Suppose my dataset is a 100 x 3
matrix filled with categorical variables. I would like to do binary classification on the response variable. Let's make up a dataset with following code:
set.seed(2013)
y <- as.factor(round(runif(n=100,min=0,max=1),0))
var1 <- rep(c("red","blue","yellow","green"),each=25)
var2 <- rep(c("shortest","short","tall","tallest"),25)
df <- data.frame(y,var1,var2)
The data looks like this:
> head(df)
y var1 var2
1 0 red shortest
2 1 red short
3 1 red tall
4 1 red tallest
5 0 red shortest
6 1 red short
I tried to do random forest and adaboost on this data with two different approaches. The first approach is to use the data as it is:
> library(randomForest)
> randomForest(y~var1+var2,data=df,ntrees=500)
Call:
randomForest(formula = y ~ var1 + var2, data = df, ntrees = 500)

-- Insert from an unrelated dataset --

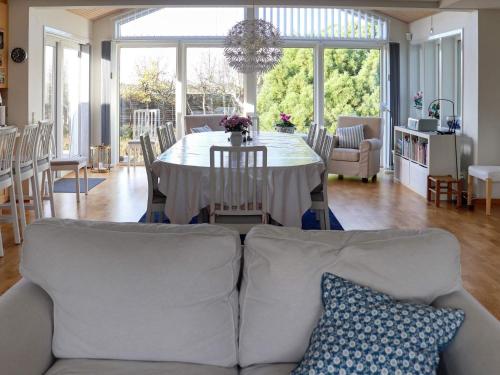 Ruang duduk di 8 person holiday home in MELLBYSTRAND-By Traum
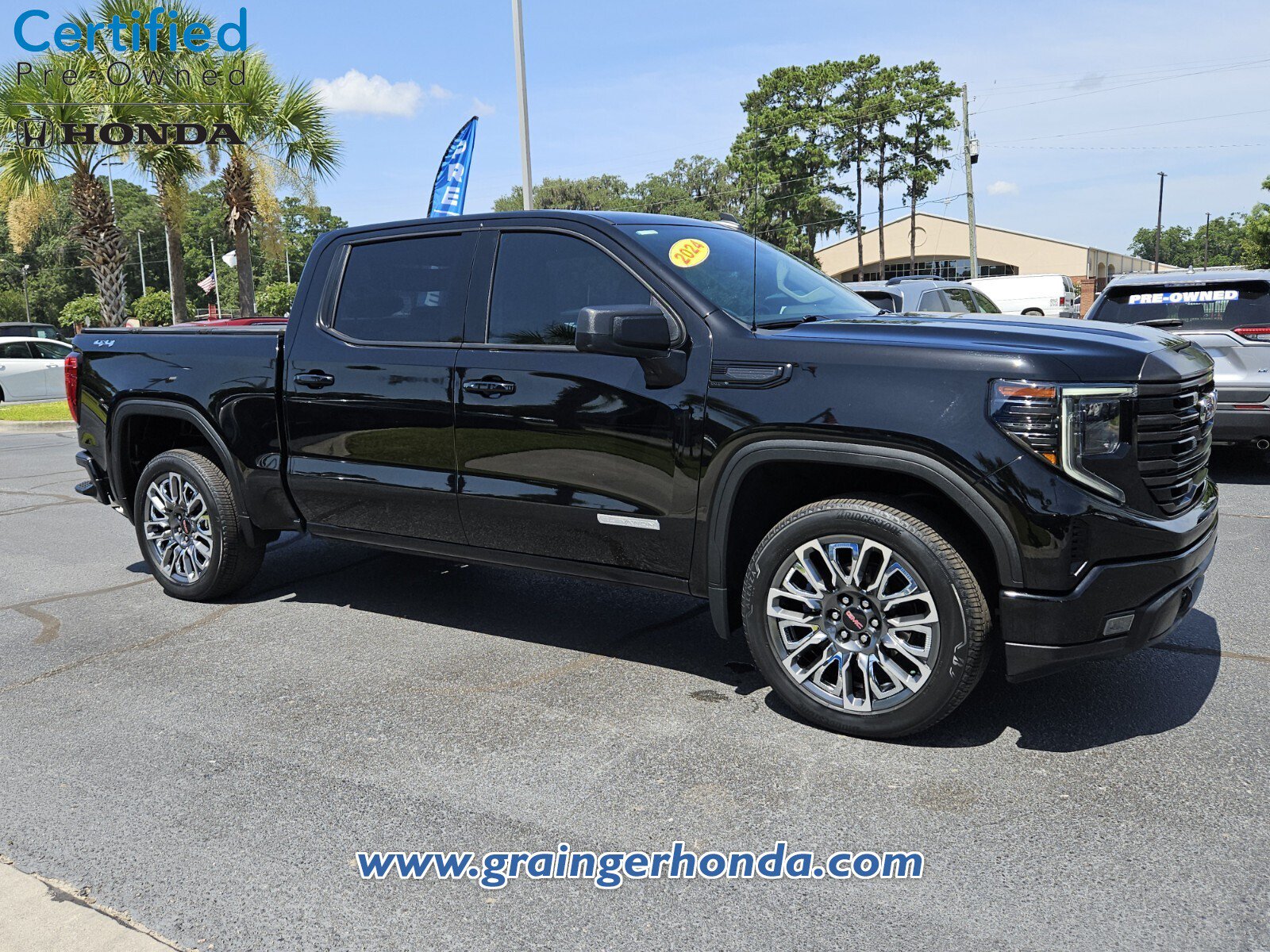 Used 2024 GMC Sierra 1500 Elevation AWD/4WD image 7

Type of random forest: classification
Number of trees: 500
No. of variables tried at each split: 1
OOB estimate of error rate: 44%
Confusion matrix:
0 1 class.error
0 29 22 0.4313725
1 22 27 0.4489796
----------------------------------------------------
> library(ada)
> ada(y~var1+var2,data=df)
Call:
ada(y ~ var1 + var2, data = df)
Loss: exponential Method: discrete Iteration: 50
Final Confusion Matrix for Data:
Final Prediction
True value 0 1
0 34 17
1 16 33
Train Error: 0.33
Out-Of-Bag Error: 0.33 iteration= 11
Additional Estimates of number of iterations:
train.err1 train.kap1
10 16
The second approach is to transform the dataset into wide format and treat each category as a variable. The reason I am doing this is because my actual dataset has 500+ factors in var1 and var2, and as a result, tree partitioning will always divide the 500 categories into 2 splits. A lot of information is lost by doing that. To transform the data:
id <- 1:100
library(reshape2)
tmp1 <- dcast(melt(cbind(id,df),id.vars=c("id","y")),id+y~var1,fun.aggregate=length)

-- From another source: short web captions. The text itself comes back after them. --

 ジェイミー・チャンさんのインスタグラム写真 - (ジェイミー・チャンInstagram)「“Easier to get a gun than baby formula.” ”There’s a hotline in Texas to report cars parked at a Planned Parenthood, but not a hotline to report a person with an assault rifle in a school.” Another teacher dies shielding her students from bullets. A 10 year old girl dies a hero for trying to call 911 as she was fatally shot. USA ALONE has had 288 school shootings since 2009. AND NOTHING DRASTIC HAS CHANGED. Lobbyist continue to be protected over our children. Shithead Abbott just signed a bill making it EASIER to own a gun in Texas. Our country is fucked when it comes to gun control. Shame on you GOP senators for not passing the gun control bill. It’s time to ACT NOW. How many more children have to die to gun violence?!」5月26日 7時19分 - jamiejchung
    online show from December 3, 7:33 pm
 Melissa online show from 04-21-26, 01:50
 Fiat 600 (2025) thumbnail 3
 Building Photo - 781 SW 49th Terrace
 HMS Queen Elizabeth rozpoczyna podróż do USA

tmp2 <- dcast(melt(cbind(id,df),id.vars=c("id","y")),id+y~var2,fun.aggregate=length)
df2 <- merge(tmp1,tmp2,by=c("id","y"))
The new data looks like this:
> head(df2)
id y blue green red yellow short shortest tall tallest
1 1 0 0 0 2 0 0 2 0 0
2 10 1 0 0 2 0 2 0 0 0
3 100 0 0 2 0 0 0 0 0 2
4 11 0 0 0 2 0 0 0 2 0
5 12 0 0 0 2 0 0 0 0 2
6 13 1 0 0 2 0 0 2 0 0
I apply random forest and adaboost to this new dataset:
> library(randomForest)
> randomForest(y~blue+green+red+yellow+short+shortest+tall+tallest,data=df2,ntrees=500)
Call:
randomForest(formula = y ~ blue + green + red + yellow + short + shortest + tall + tallest, data = df2, ntrees = 500)

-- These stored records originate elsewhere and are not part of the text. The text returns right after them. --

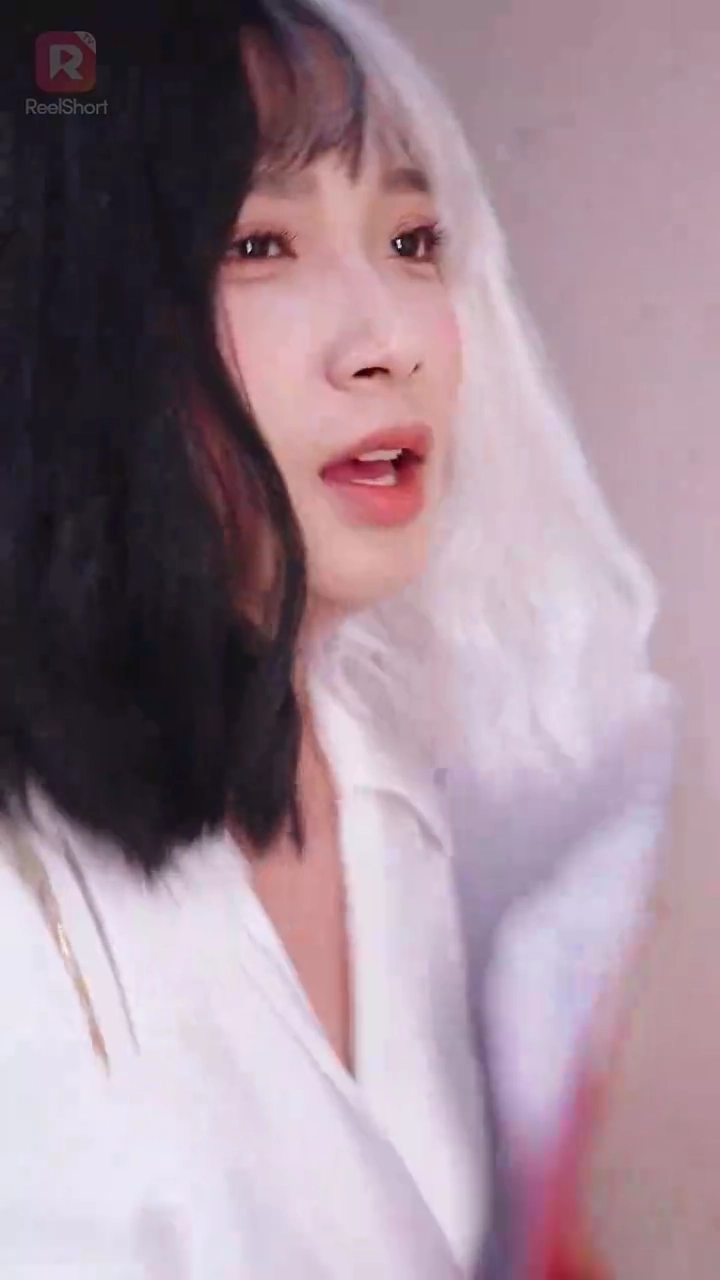 親友が私になりすまして、社長夫人に写真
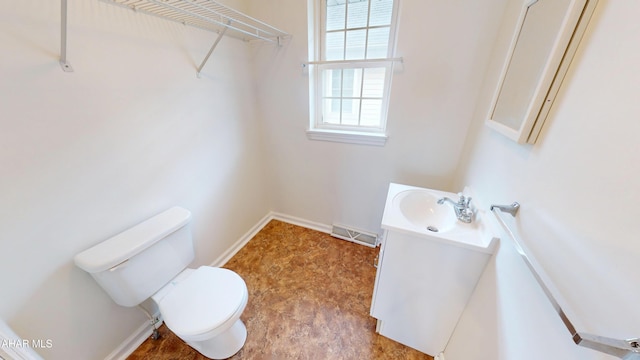 904 Holliday Hills Dr, Hollidaysburg, PA 16648 - half bathroom with toilet and vanity
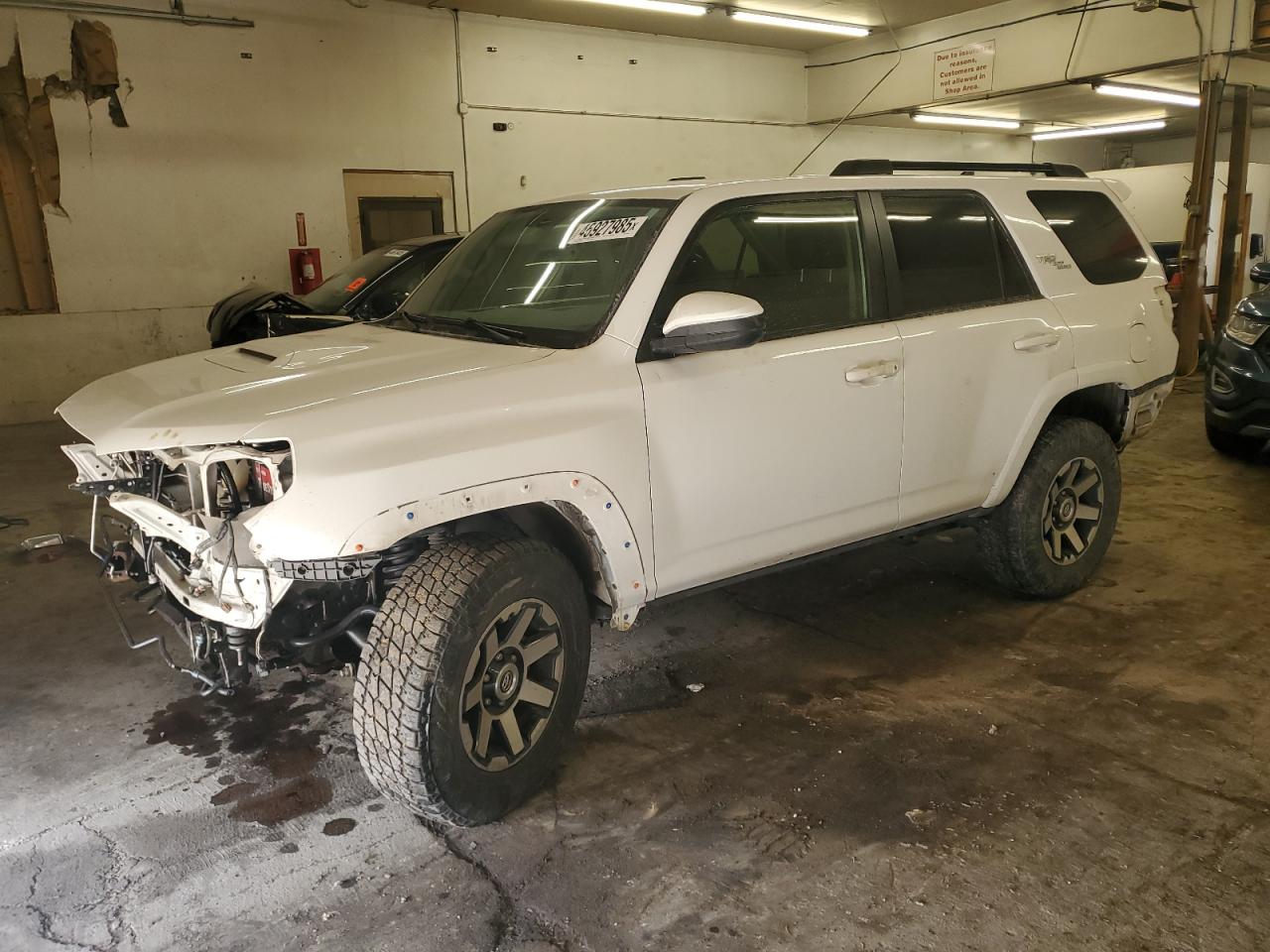2019 Toyota 4Runner VIN JTEBU5JR9K5660059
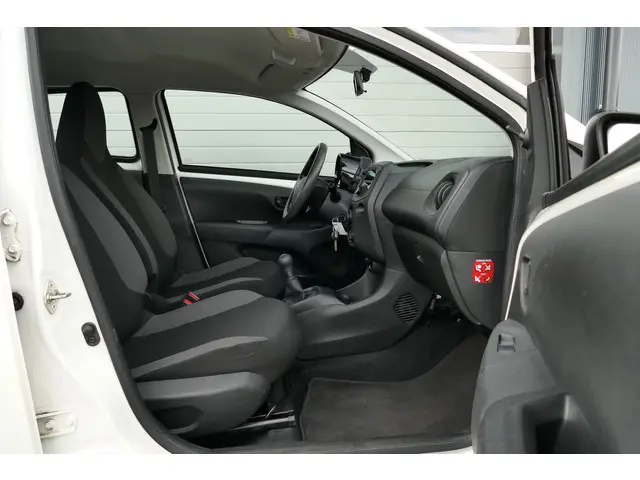 Toyota Aygo 1.0 VVT-i x-fun 2021 Benzine 32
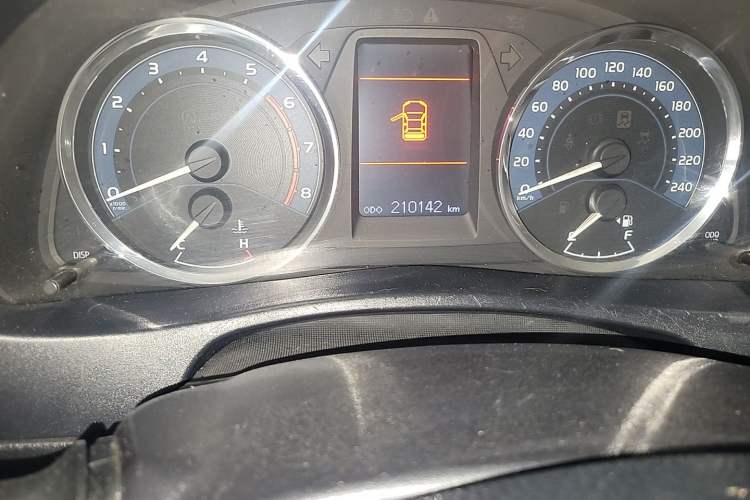 Used Toyota Corolla 2017 Revised Version 1.2T S-CVT GL-i Odometer Close Up
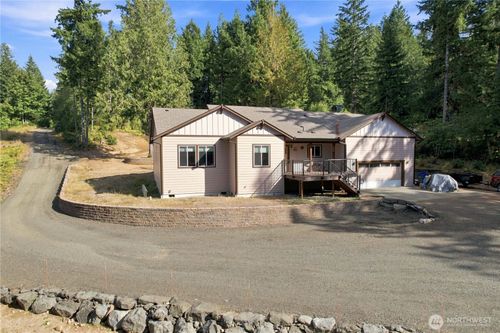753 E Mason Benson Rd, Grapeview, WA, 98546-9513 | Card Image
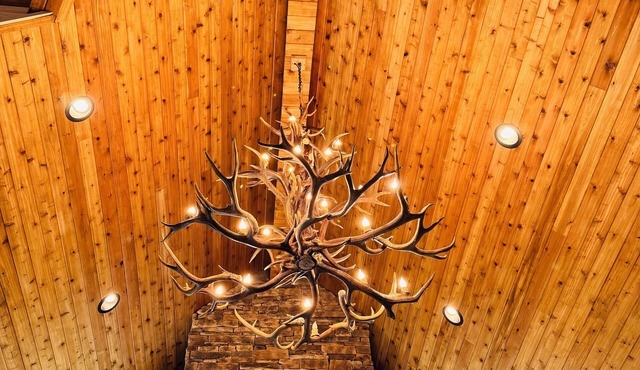 Elk Meadows Lodge-10 min. to West Entrance YNP+two Hot tubs+AC+Sauna+Wifi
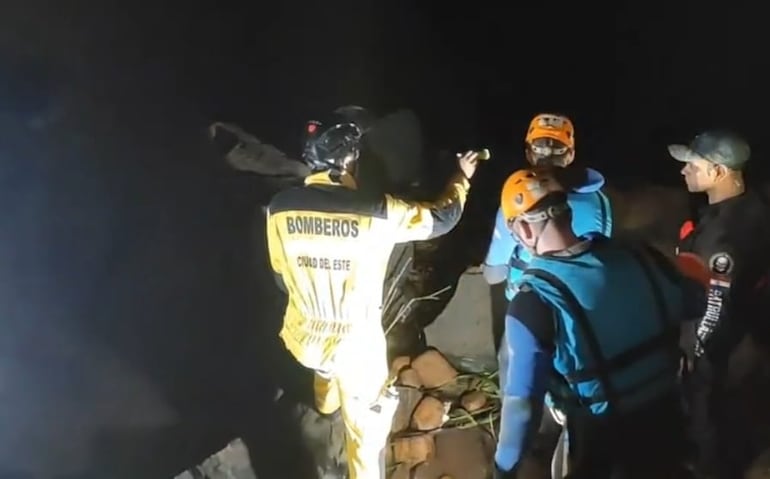 Bomberos voluntarios realizaron una ardua tarea para rescatar a los jóvenes trepados a la copa de un árbol.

Type of random forest: classification
Number of trees: 500
No. of variables tried at each split: 2
OOB estimate of error rate: 39%
Confusion matrix:
0 1 class.error
0 32 19 0.3725490
1 20 29 0.4081633
----------------------------------------------------
> library(ada)
> ada(y~blue+green+red+yellow+short+shortest+tall+tallest,data=df2)
Call:
ada(y ~ blue + green + red + yellow + short + shortest + tall +
tallest, data = df2)
Loss: exponential Method: discrete Iteration: 50
Final Confusion Matrix for Data:
Final Prediction
True value 0 1
0 36 15
1 20 29
Train Error: 0.35
Out-Of-Bag Error: 0.33 iteration= 26
Additional Estimates of number of iterations:
train.err1 train.kap1
5 10
The results from two approaches are different. The difference is more obvious as we introduce more levels in each variable, i.e., var1
and var2
. My question is, since we are using exactly the same data, why is the result different? How should we interpret the results from both approaches? Which is more reliable?